I agree, it has a major “yuck” factor. I’ve not dove deep into the rationale for doing this… but I have to believe there must be a reasonable therapeutic or research-oriented need they are trying to address. It sounds like its a tool of basic research (not a potential therapeutic approach).

“This novel method enables research that focuses on the brain independent of the body, allowing us to answer physiological questions in a way that has never been done,” Juan Pascual, professor at UT Southwestern, said in a statement.

“This novel method enables research that focuses on the brain independent of the body, allowing us to answer physiological questions in a way that has never been done,” said Dr. Pascual, Professor of Neurology, Pediatrics, and Physiology, and in the Eugene McDermott Center for Human Growth and Development at UT Southwestern. Dr. Pascual is a member of the Peter O’Donnell Jr. Brain Institute at UTSW.

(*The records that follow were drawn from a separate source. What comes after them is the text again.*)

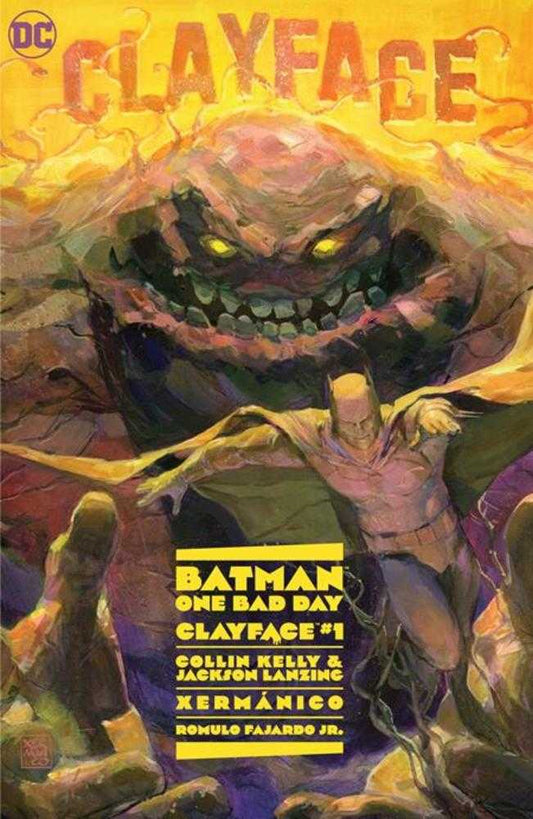 DC Comics COMIC BOOK Batman One Bad Day Clayface #1 (One Shot) Cover A Xermanico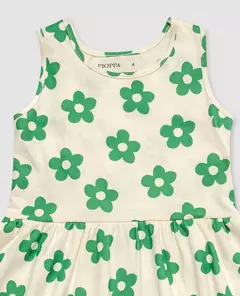 Vestido jersey estampado flores (V SOFI) - comprar online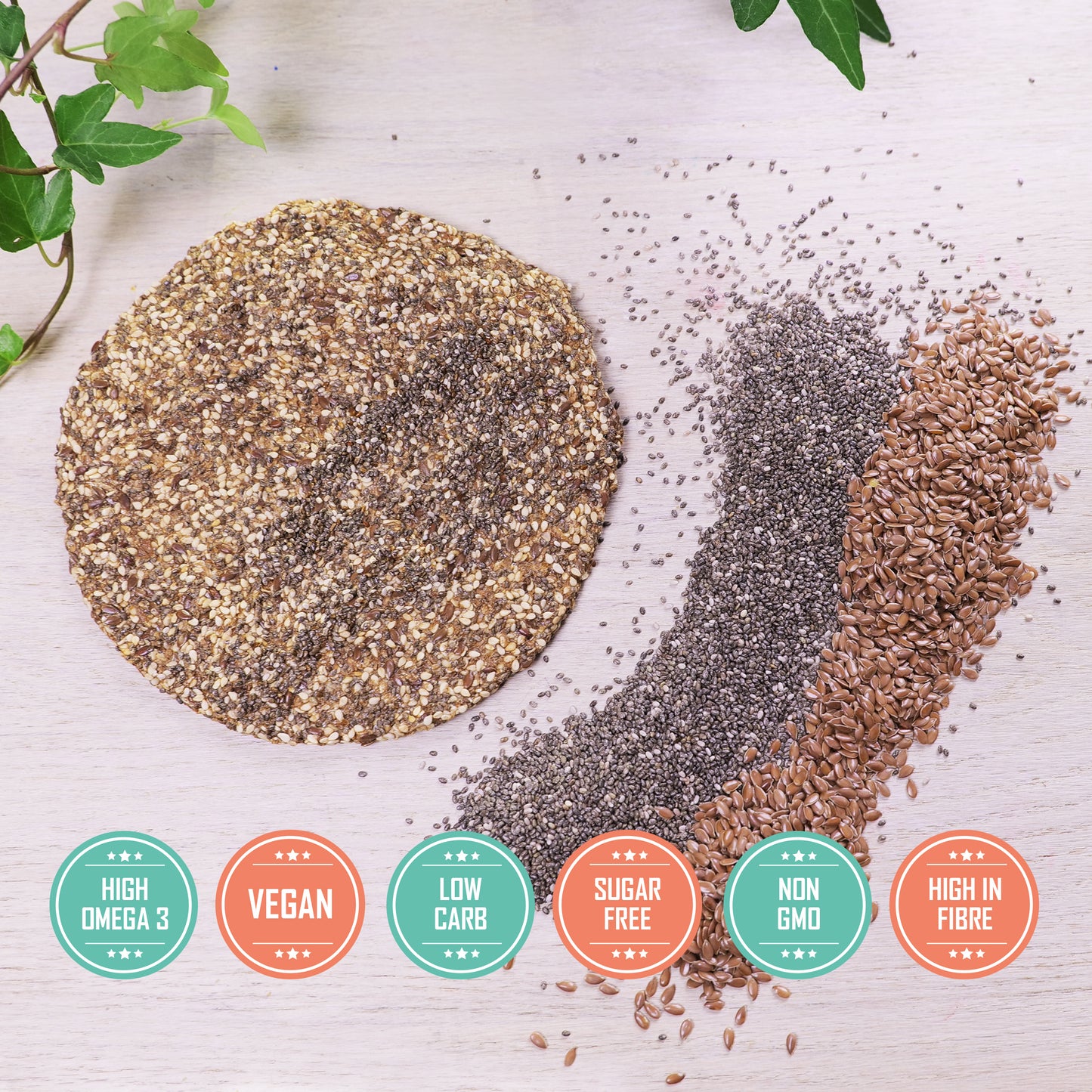 Chia Knäckebröd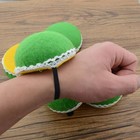 Wrist Pin Cushion Sewing Wearable Pincushion With Wristband Cute Needle Holder
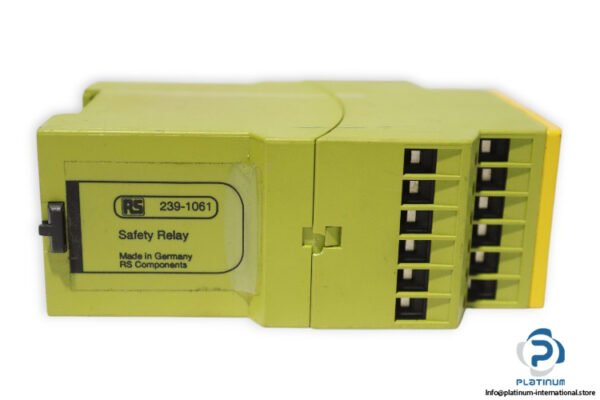 pilz-pnoz-x3-3s-1o-774314-safety-relay(used)-4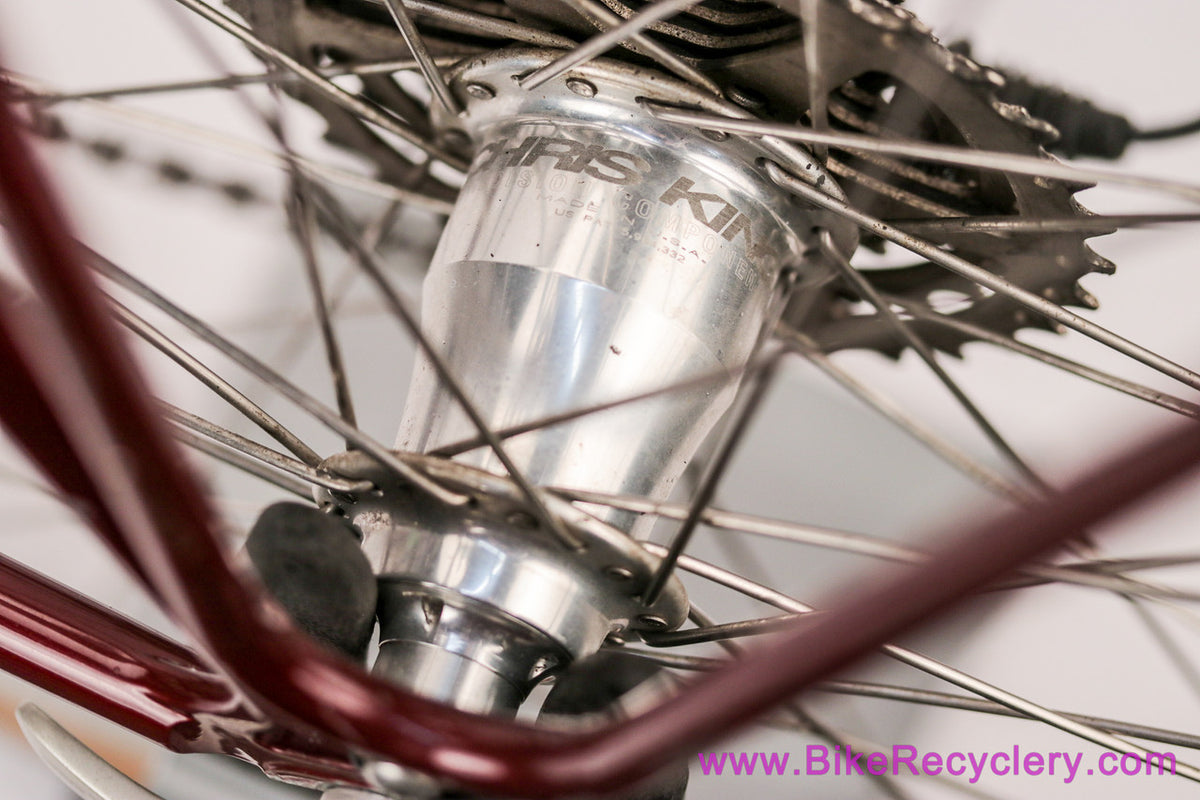 Tony Pereira Randonneur: 55cm x 57cm - Fillet Brazed - Custom Racks/Stem - Chris King HS/HB/BB - Paul - XTR - SON...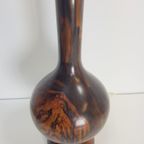 Set 2 Vintage Tafellamp Palissander Mid Century '60 Design thumbnail 6
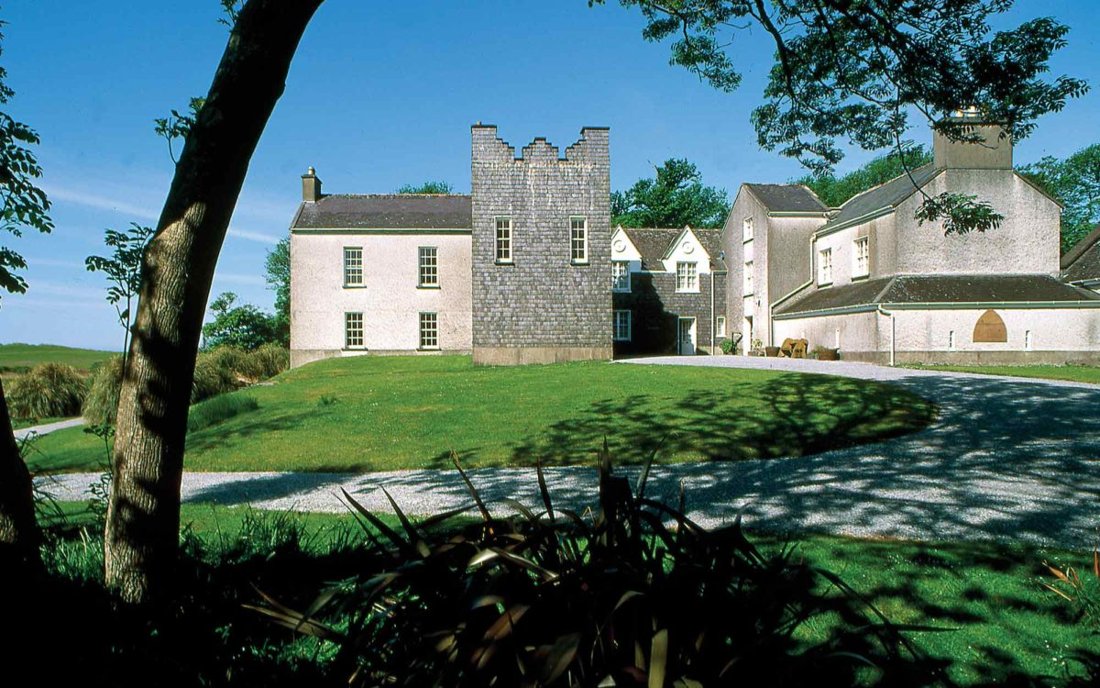 Derrynane House and its grounds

The brain is the body’s master controller for a variety of processes, regulating heart rate, breathing, and sleep and wake cycles, among others. In turn, the brain’s function is affected by factors that originate in the body, such as blood sugar, blood pressure, and oxygenation. Until now, Dr. Pascual explained, there has been no way to separate the brain from the body to study these influences.

In an animal model using anesthesia, the researchers redirected the brain’s blood supply through a pump that maintained or adjusted a range of variables, including blood pressure, volume, temperature, oxygenation, and nutrients. The team found that brain activity and other measurements had minimal to no changes over a five-hour period.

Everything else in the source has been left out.